Nature Exploration Kit

Keeping kids engaged on a hike can be one of the hardest things. Over the years, I have found that if you have some exploration gear, it can really make for a delightful hike with happy kids.

I recommend having the following:

Keep everything in a drawstring bag to keep it all together and make it easy to carry. Of course, there are some that you buy pre-packed with a bunch of hiking goodies. Just know that you might want to hide the flashlights and whistles that come with some of these. 

A toddler is playing in the woods in front of a small spring run at Green Springs in Deltona, Florida.
My youngest (years ago!) playing in the woods with the spring run behind her on a warm day at Green Springs in Deltona, Florida.

Hiking Journal

If your child likes to journal, consider a hiking journal. This way, they can log their hikes and document animal and plant sightings. They can start filling it out before they head out and continue recording if you stop for snacks or lunch or on the way home. 

Scavenger Games

When my kids were little, I always made a scavenger hunt sheet for each kid to extend our hikes and just have fun. 

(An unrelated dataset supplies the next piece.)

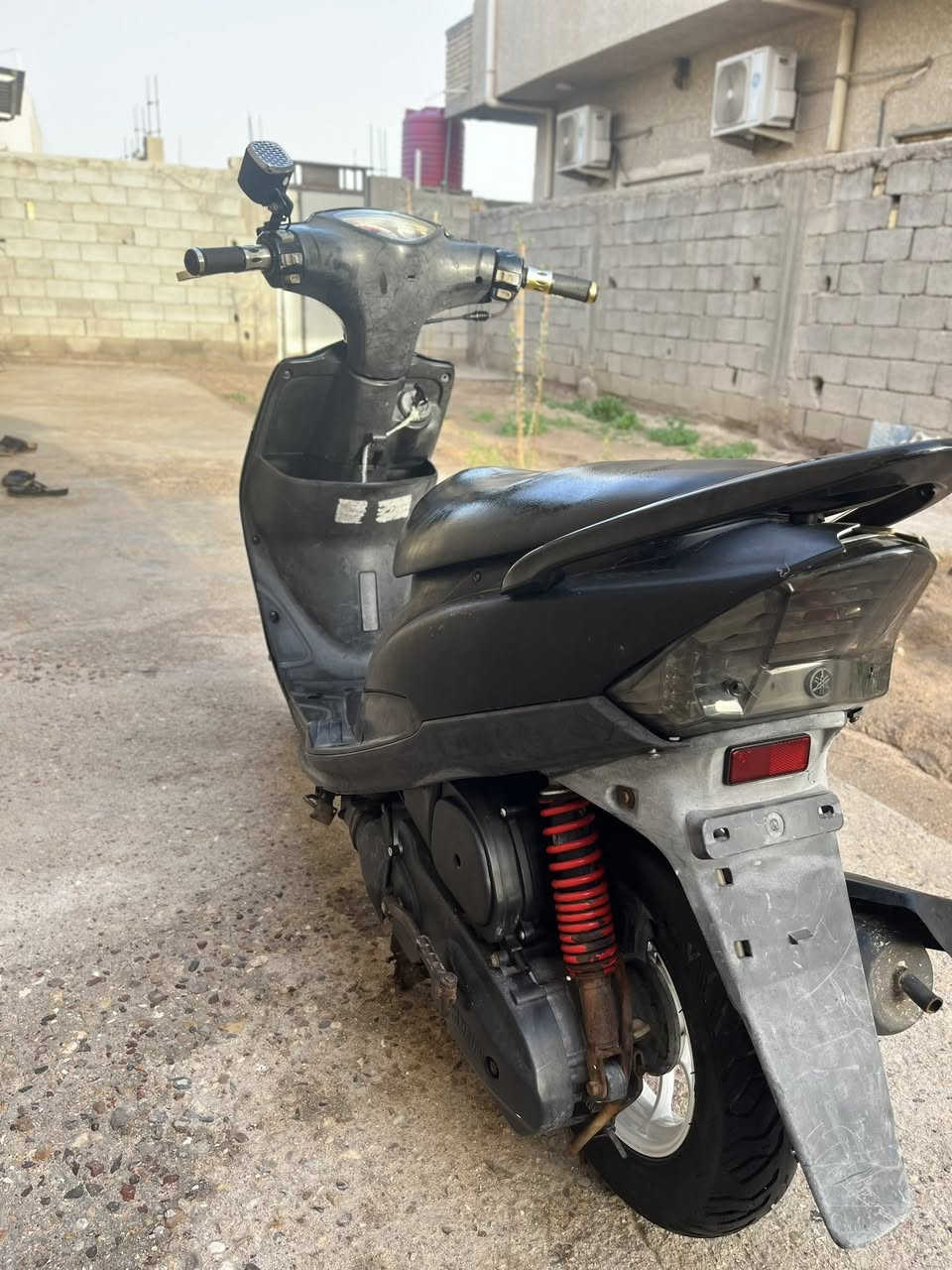 السلام عليكم ماكس عدله ياباني للبيع دراجه رمبه كفاله عامه كهربائيات كله شغاله دراجه بوشه 49 بلاديه بيه شلعه ومعدل تخبل كفراته الاصليه مختمه دراجه ختم واحد ويه المكينه بريكات امامي وخلفي شغالات دراجه ملاح ونضافه تخبل مكينه خرسه ماتنسمع مابيه لا نضوح ولا تنقيص ولا تبخير بيه ويل نجمه الاصلي وتخم تايرات جدد كله كامله مابيه اي نقص شغاله بكل وقت نص نكره وتخبل نعومته العنوان البصرة التنومه والسعر خاص وانا بخدمت الشراي رقم الهاتف للتواصل ***********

There are some premade ones, like this free PDF I made, that you can download or you can buy a scavenger hunt with cards and a carrying bag

Play I-Spy

Probably the simplest game you can play is I-Spy. This is a good game for older kids. 

Our kids are now teens, and we still play this game. Sometimes, the kids get really creative with this one. The best thing is it’s free! 

Happy Family Hiking!

Make sure that you set aside plenty of time for the kids to be kids on the hike. Let them stop and inspect flowers and bugs. If they get tired, rest on the trails and make jokes or recap what you’ve seen so far. And let them get dirty. Kids love to get dirty. The clothes are washable, but those smiles are memories in the making.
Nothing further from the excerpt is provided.